» **Problem requirements**: From the line that holds "ジャック・オー・ランタンの顔" to the last line below, retype everything exactly and nothing else; omit pictures.

» **Information shown**:
Segment Open

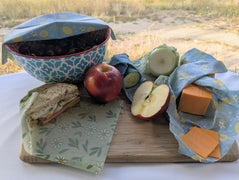 Overhead view of reusable beeswax wraps used to cover a bowl of cherries and wrap a sandwich, cucumber, cut onion, cheddar cheese, and fresh apple.  This practical food-storage arrangement shows how different wrap sizes can help keep produce, snacks, cheese, leftovers, and packed lunches covered and organized.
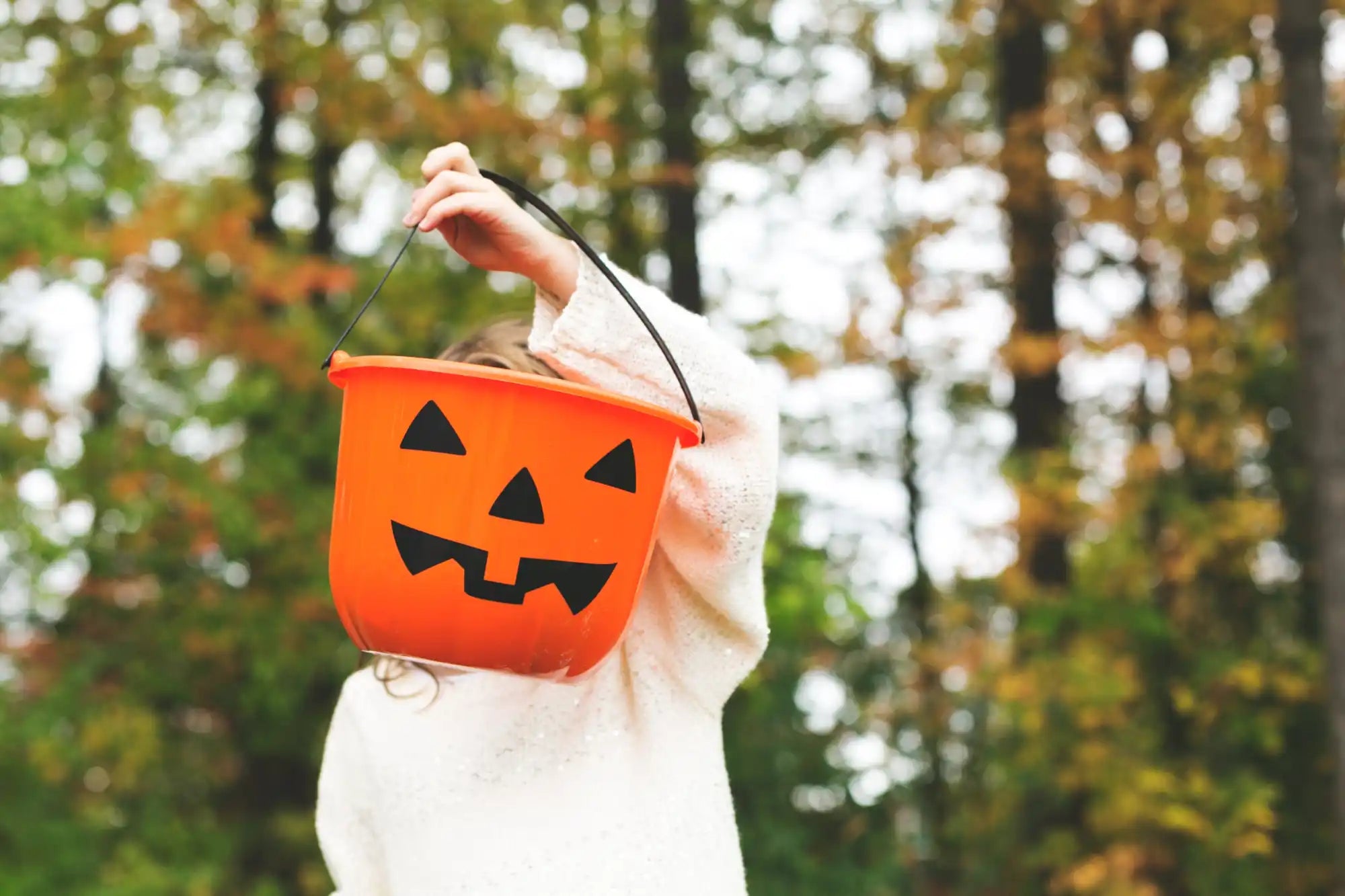 ジャック・オー・ランタンの顔がついたオレンジ色のプラスチック製ハロウィンお菓子バケツ。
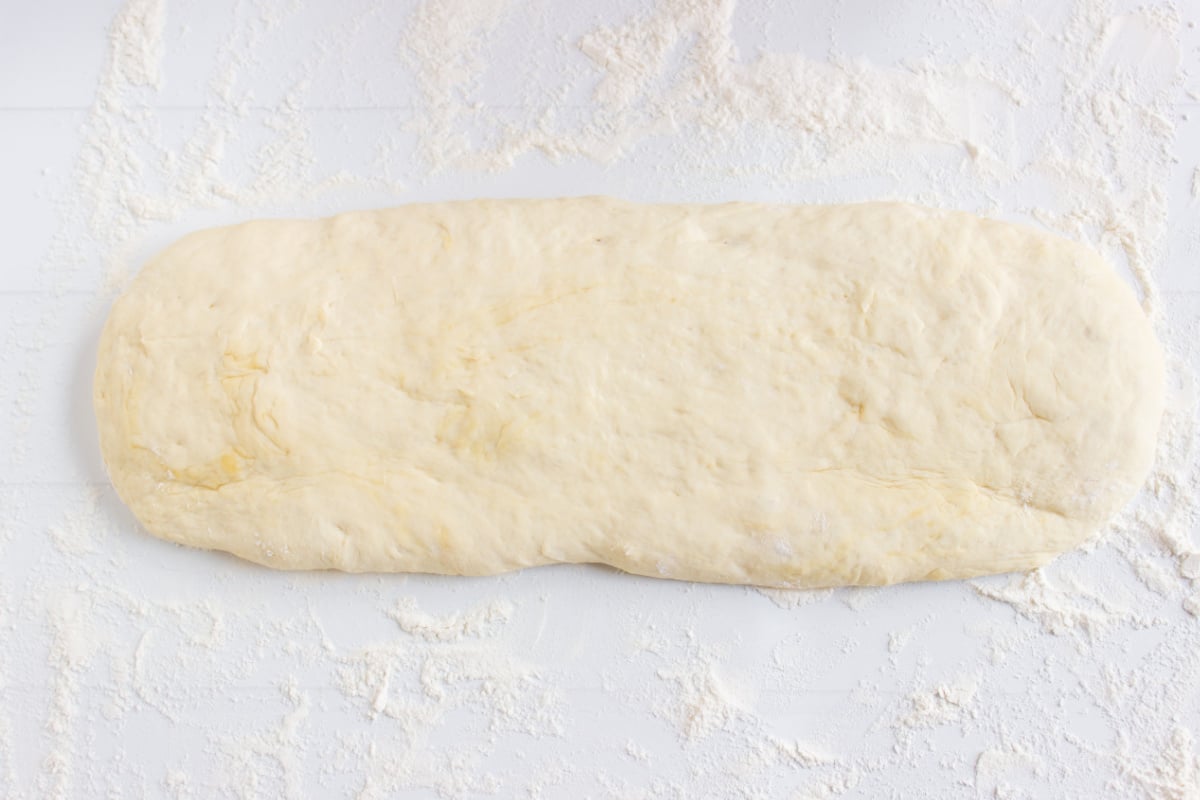 dough laid out on floured surface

Segment Closed

» **Exercise response**:
 ジャック・オー・ランタンの顔がついたオレンジ色のプラスチック製ハロウィンお菓子バケツ。
 dough laid out on floured surface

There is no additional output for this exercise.